ASSIGNMENT = The answer should be a single number, the count of lines in this material that contain "with".

[DATA SHOWN Boundary: Start]

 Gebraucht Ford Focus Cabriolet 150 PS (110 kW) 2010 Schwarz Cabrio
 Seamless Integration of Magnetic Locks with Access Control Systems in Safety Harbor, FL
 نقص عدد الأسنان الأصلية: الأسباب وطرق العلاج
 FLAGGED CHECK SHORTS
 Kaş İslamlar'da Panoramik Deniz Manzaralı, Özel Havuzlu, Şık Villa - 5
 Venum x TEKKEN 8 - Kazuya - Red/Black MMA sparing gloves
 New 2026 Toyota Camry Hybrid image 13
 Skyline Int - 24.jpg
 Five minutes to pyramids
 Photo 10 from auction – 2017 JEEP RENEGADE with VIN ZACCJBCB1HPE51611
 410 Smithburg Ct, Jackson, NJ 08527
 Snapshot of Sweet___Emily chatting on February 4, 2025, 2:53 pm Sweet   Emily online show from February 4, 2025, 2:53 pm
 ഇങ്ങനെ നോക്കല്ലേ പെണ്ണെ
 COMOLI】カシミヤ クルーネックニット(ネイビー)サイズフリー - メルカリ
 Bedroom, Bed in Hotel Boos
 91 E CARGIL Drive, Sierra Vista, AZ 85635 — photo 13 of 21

[DATA SHOWN Boundary: End]

SOLUTION BELOW = 2